▶ **Exercise data**:

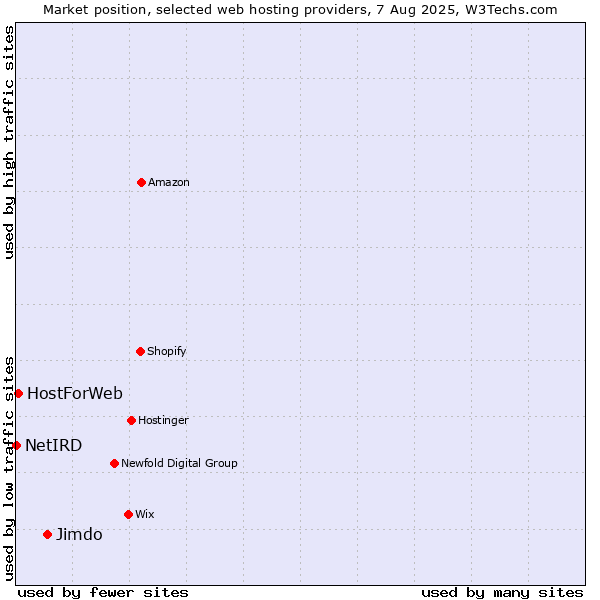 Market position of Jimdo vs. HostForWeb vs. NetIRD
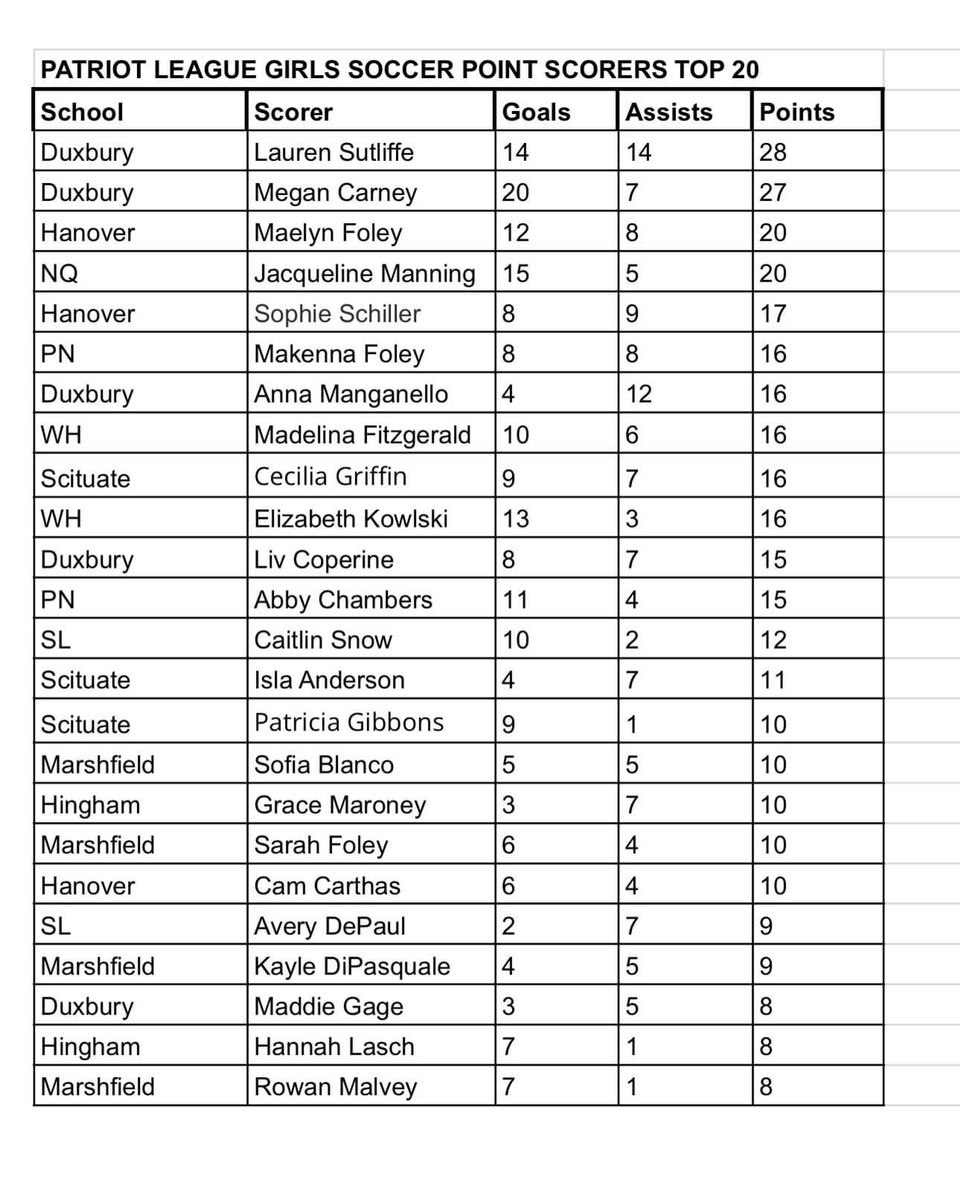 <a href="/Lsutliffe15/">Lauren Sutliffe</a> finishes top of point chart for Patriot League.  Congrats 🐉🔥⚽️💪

---

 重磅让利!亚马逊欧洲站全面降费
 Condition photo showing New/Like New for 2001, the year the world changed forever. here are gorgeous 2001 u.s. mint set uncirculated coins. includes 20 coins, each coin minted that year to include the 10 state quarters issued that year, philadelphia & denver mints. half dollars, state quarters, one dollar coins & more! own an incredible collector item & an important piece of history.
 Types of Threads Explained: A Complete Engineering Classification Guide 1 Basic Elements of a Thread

▶ **Task objective**:
Of the records above, print only the lines from the one containing "Market position of" through the one containing "Sutliffe</a> finishes top", inclusive and unaltered, leaving out pictures.

▶ **Solution**:
 Market position of Jimdo vs. HostForWeb vs. NetIRD
 <a href="/Lsutliffe15/">Lauren Sutliffe</a> finishes top of point chart for Patriot League.  Congrats 🐉🔥⚽️💪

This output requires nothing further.